OFS advantages for CEMS applications:

  • No scheduled optical cleaning required; AGC circuitry compensates automatically for dirty optics
  • Measurement unaffected by temperature, pressure, gas density, moisture, or opacity changes
  • Continuous self-test with automated fault alarm if drift exceeds 3%; no calibration faults recorded since 1999
  • NIST-certified measurement algorithm supported by over 20 million hours of observation data
  • MTBF exceeding 80,000 hours, designed for 24/7/365 unattended operation
  • RS-232/Modbus RTU standard output; RS-485, Ethernet, and cellular options available for CEMS DAHS integration
  • Minimum installation requirement of 2 upstream / 1 downstream diameters
  • ISO 9001:2015 certified manufacturing; trusted by EPA, NASA, NOAA, and major energy companies

OSI OFS-2000 optical scintillation flowmeter installed on industrial stack duct

OSI offers purpose-built variants for demanding environments:

  • OFS-2000W — adds AGC for wet scrubber and high-opacity environments
  • OFS-2000F — extends velocity range to 0.03–170 m/sec for flare stack applications

All variants share the same core scintillation principle: no moving parts, no field calibration required.


Conclusion

Selecting a stack gas flowmeter is a compliance and operational risk decision. The technology you install must match the specific combination of temperature, particulate loading, duct geometry, regulatory requirements, and lifecycle economics at your facility.

CEMS flowmeters run continuously for years, and performance is re-audited on a recurring basis through RATA testing and QA procedures. The instrument you select will be tested repeatedly — make sure it can pass every cycle.

When evaluating your options, confirm the technology can:

  • Prove representative flow measurement at your specific installed location
  • Withstand your stack's temperature, moisture, and particulate conditions
  • Meet EPA Part 75 performance requirements through every audit cycle
  • Support your facility's long-term data integrity and compliance record

Frequently Asked Questions

What flowmeter technologies are accepted for EPA CEMS stack gas flow measurement?

EPA Part 75 explicitly addresses differential pressure, thermal mass, and ultrasonic flow monitors; optical scintillation systems are also deployed for Part 75 compliance.

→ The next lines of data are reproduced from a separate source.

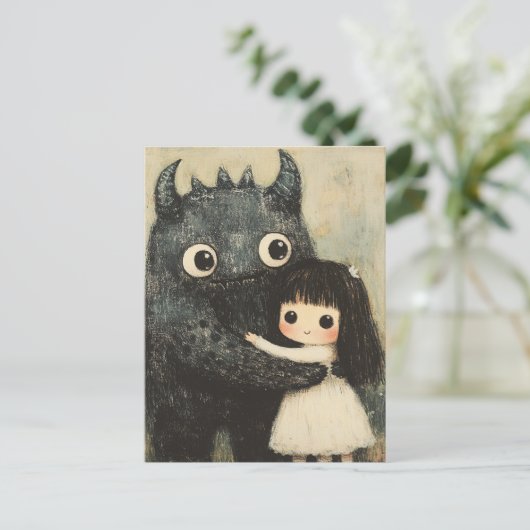 女の子と彼女の怪物の友人 ポストカード (スタンド正面)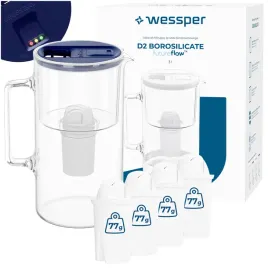 dzbanek-filtrujacy-szklany-wessper-d2-borosilicate-3l-led-5x-filtr-wody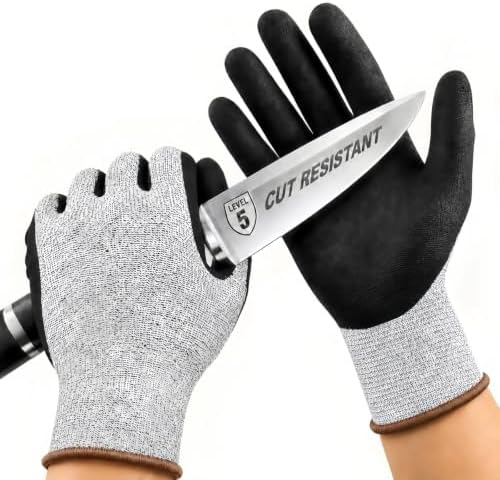 Level 5 Cut Resistant Work Gloves, Sandy Nitrile Grip, 1 Pair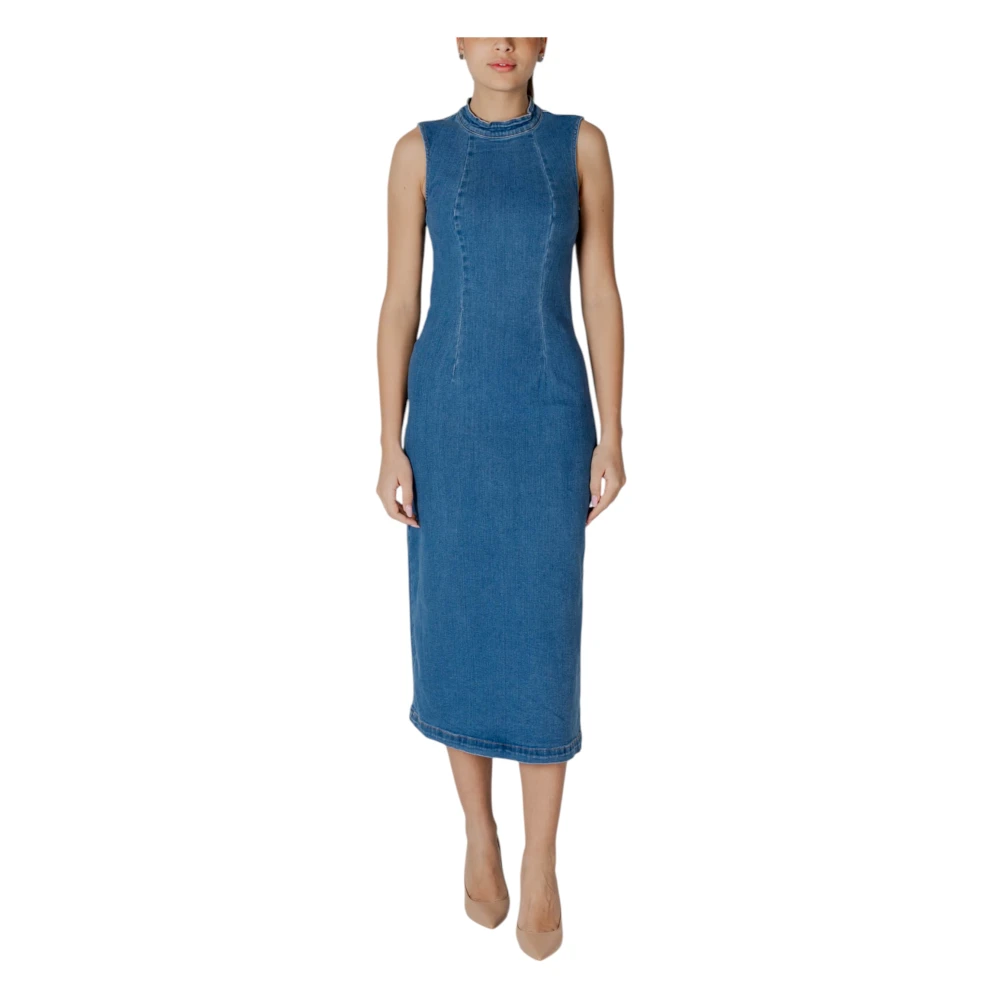 Vila Lange Jurken Collectie in Diverse Stoffen Blue Dames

The framework is performance-based — any technology meeting the design specifications, RATA thresholds, and QA requirements under Part 75 Appendix A and B qualifies.

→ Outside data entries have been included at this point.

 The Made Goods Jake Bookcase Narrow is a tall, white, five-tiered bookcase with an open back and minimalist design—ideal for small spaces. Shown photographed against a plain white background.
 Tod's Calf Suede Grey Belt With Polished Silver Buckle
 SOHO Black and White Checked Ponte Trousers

Can a magnetic flowmeter be used to measure stack gas flow?

No. Magnetic flowmeters require an electrically conductive liquid medium — they operate on electromagnetic induction through water, acids, alkalis, or slurries. Stack gas is not a conductive liquid, making magnetic flowmeters entirely inapplicable to any gas measurement application.

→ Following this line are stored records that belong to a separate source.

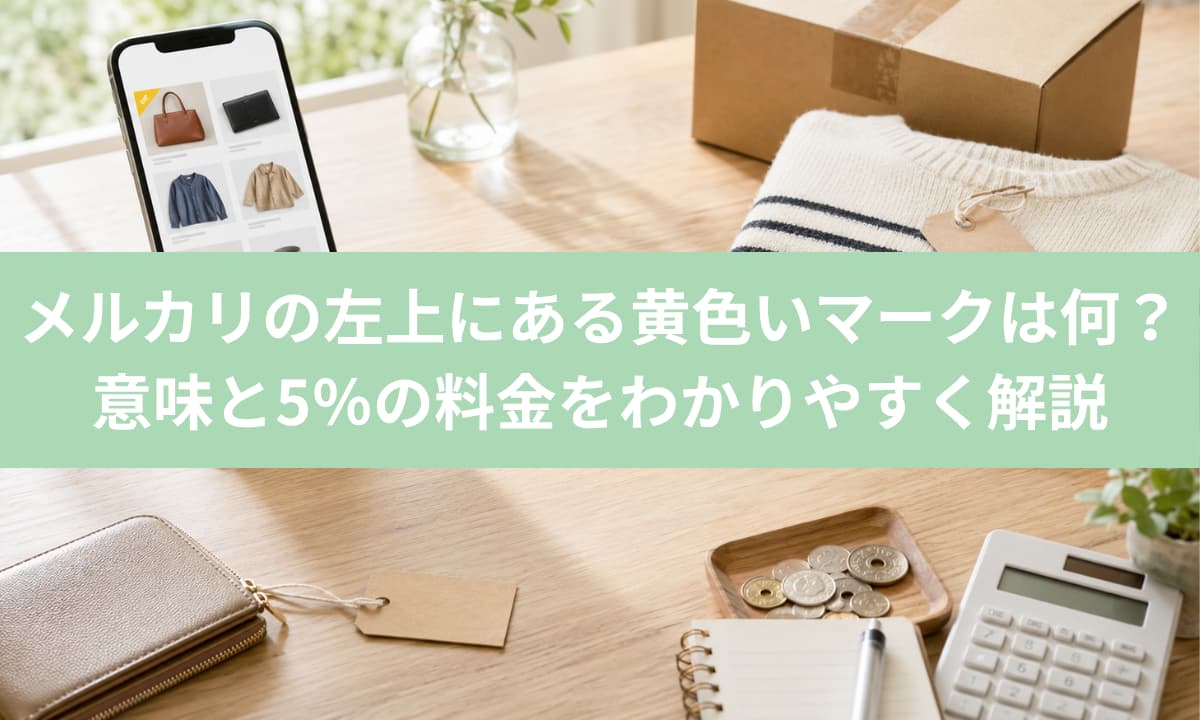 メルカリの左上にある黄色いマークは何？意味と5％の料金をわかりやすく解説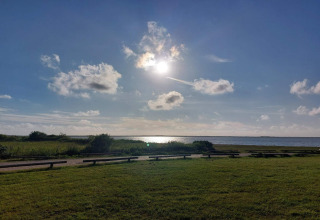 Zonnig uitzicht vanuit Secluded Harbor Cottage in Denemarken met grasveld, bankjes en blauwe lucht bij zee.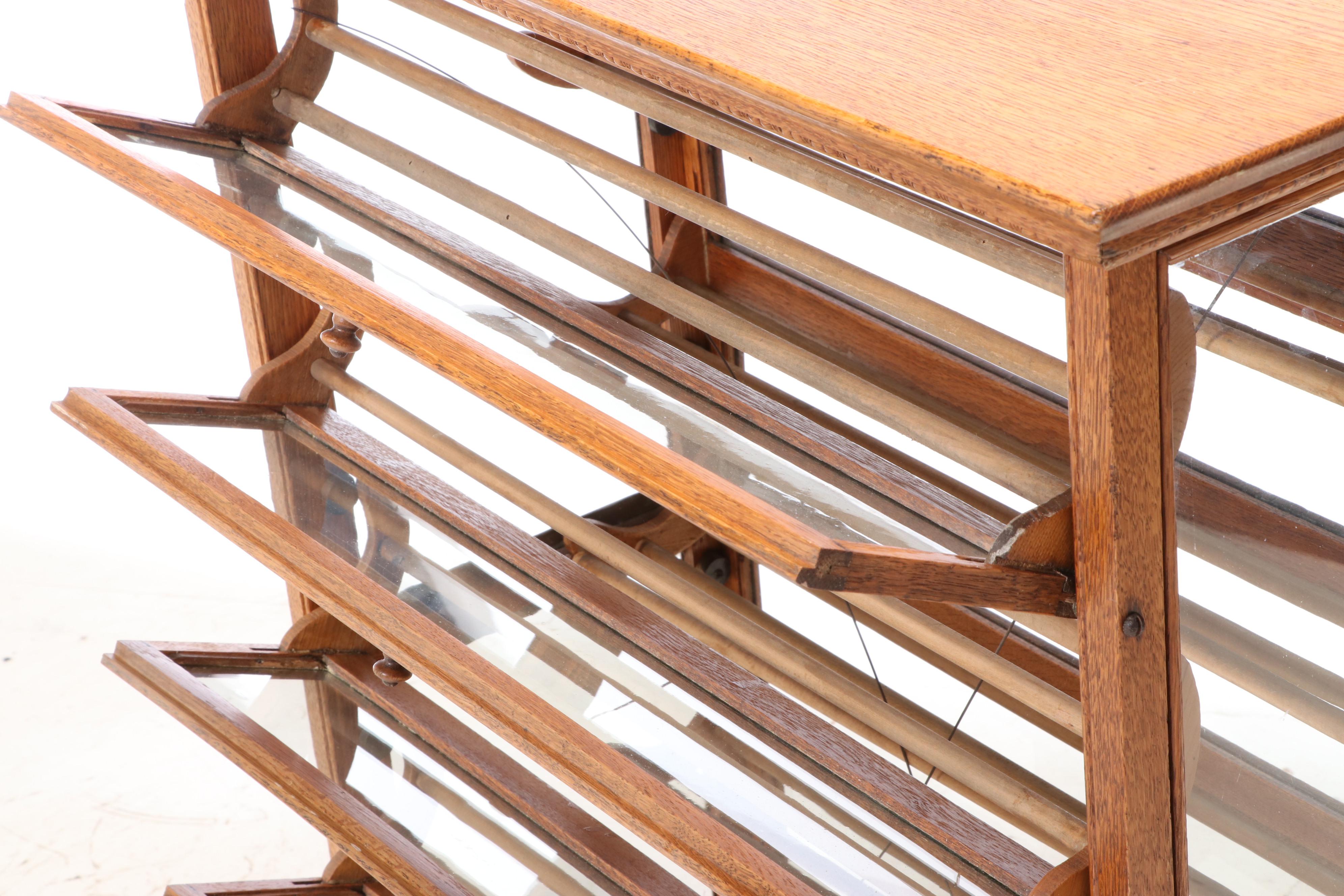 A.N. Russell & Sons Oak Country Store Ribbon Display Cabinet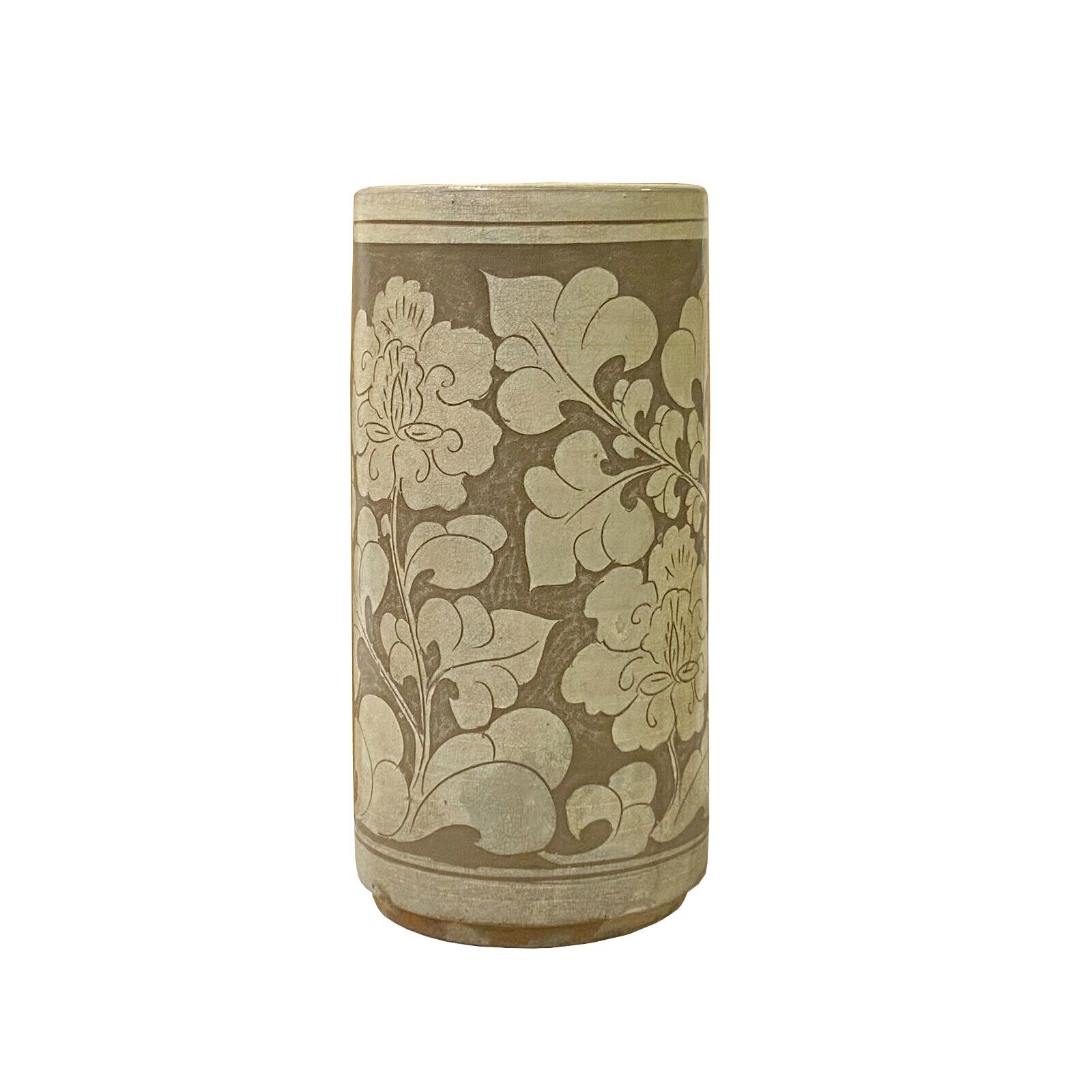Chinese Handmade Ceramic Tan Taupe Flower Column Vase ws2803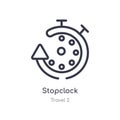 stopclock outline icon. isolated line vector illustration from travel 2 collection. editable thin stroke stopclock icon on white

How does particulate content affect flowmeter selection?

High particulate loading clogs pitot tube ports, fouls thermal sensing elements, and scatters or attenuates ultrasonic beams. For high-dust stacks, technologies with no wetted sensing elements, dirt-tolerant optical designs, or integrated purge capabilities are strongly preferred.

What is the straight-run requirement for stack gas flowmeters?

EPA Method 1 recommends at least 8 duct diameters downstream and 2 upstream; Part 75 Appendix A permits as little as 2 downstream and 0.5 upstream with a supporting flow-profile study. Where straight run is insufficient, multi-point averaging sensors or flow conditioners are used to compensate.

How often must a CEMS stack gas flowmeter be calibrated and audited?

Part 75 requires daily calibration error checks (≤3.0% of span), daily interference checks, and quarterly flow-to-load ratio evaluations. RATAs are generally semiannual, with annual frequency permitted if relative accuracy meets the ≤7.5% threshold.

What is the difference between a single-point and a multi-point stack gas flowmeter?

Single-point sensors measure velocity at one location and depend on adequate straight run for a representative reading. Multi-point averaging systems deploy multiple sensor pairs across the duct cross-section to capture non-uniform velocity profiles, which matters in large or distorted-flow stacks where NIST has documented single-path deviations of 14–17% from reference standards.